O hipotiroidismo pode impactar severamente a vida das mulheres, desde os batimentos cardíacos, o ritmo do intestino, o humor e o ciclo menstrual, devendo ser diagnosticado e tratado precocemente.
7º.:
Existe vacina para Herpes Zoster e o fato de ter sido acometido não é garantia para que não ocorra uma recidiva. Quanto mais rápido for o início do tratamento – primeiras vinte e quatro horas – melhores são as chances de sucesso.
8º.:
Prender um novo idioma, em qualquer idade, favorece o nascimento de novos neurônios e pode ajudar a prevenir doenças degenerativas do cérebro. Além de ser um ótimo recurso para a prática do mindfulness – desviando o foco da dor – se aprendizado promover interação, diversão e novas conexões, o benefício será ainda maior.
Minha conclusão:
Ainda sinto dor, praticamente todos os dias. Nesses momentos, uso a meditação e o mindfulness para aquietar meus pensamentos e perguntar a mim mesma o que está intoxicando minha mente e, por tabela, afetando negativamente o meu corpo. Acredito que a Terapia Cognitivo-Comportamental (TCC) poderia me ajudar, mas ainda não encontrei um profissional especializado em dor crônica que a pratique. Até onde eu sei, essa terapia pode devolver ao paciente com dor crônica uma flexibilização cognitiva, envolvendo mudanças nas emoções e comportamentos. Nada fácil.

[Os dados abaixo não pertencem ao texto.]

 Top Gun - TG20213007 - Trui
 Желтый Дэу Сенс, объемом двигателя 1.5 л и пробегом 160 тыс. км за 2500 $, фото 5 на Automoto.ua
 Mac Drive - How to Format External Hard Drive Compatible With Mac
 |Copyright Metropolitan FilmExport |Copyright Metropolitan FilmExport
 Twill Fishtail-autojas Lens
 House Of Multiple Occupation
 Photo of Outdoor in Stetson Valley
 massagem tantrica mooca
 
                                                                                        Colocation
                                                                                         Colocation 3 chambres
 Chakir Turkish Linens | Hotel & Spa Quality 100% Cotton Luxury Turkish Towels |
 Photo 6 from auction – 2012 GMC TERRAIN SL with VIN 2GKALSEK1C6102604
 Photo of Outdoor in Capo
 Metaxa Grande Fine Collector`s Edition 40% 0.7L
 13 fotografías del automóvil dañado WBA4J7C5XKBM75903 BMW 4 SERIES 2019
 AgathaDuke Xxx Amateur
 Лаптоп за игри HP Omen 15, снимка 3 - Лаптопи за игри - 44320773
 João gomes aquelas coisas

Por que estou compartilhando a minha história? Quando penso que levei mais de duas décadas para obter algum resultado no meu tratamento, um sentimento de compaixão me invade e sinto que o que eu passei pode fazer outros vislumbrar o caminho de uma recuperação. Mostrar meus erros e meus acertos talvez possa abreviar a peregrinação daqueles que se encontram na mesma situação. Estou convencida que a humanidade compartilhada pode fazer a diferença na vida de muitas pessoas.
Através da prática diária da autocompaixão, ao invés de nos julgarmos e criticarmos por inadequações ou deficiências – como sermos portadores de dor crônica – podemos escolher nos tornar mais gentis e compreensivos, quando confrontados por falhas pessoais. Não precisamos ser e nunca seremos perfeitos!


Respostas de 2
As estórias sobre dor crônica guardam grandes semelhanças, aí incluída também a minha, uma luta diária para vencer a fibromialgia.
Só agora tomei conhecimento da ABRAFIBRO, uma associação que reúne pacientes fibromiálgicos, e durante a LIVE por eles promovida, me ocorreu a necessidade de uma ampla articulação para pressionar o governo federal a dedicar atenção e cuidados especiais a nós que convivemos com dor crônica. Imagino, por exemplo, a realização de uma audiência pública na Comissão de Saúde da Câmara, cobrando ações concretas que possam mitigar tanto sofrimento.
Ricardo, acredite que eu lamento carecer do seu entusiasmo por causas cívicas impossíveis. Obviamente, é uma questão subjetiva e não pretendo que ninguém concorde com o meu completo ceticismo quanto a um órgão federal “dedicar atenção e cuidados…etc”. O caminho habitual via legisladores, já tem sido trilhado no Brasil por associações e pessoas no campo da dor e nunca levou a nada.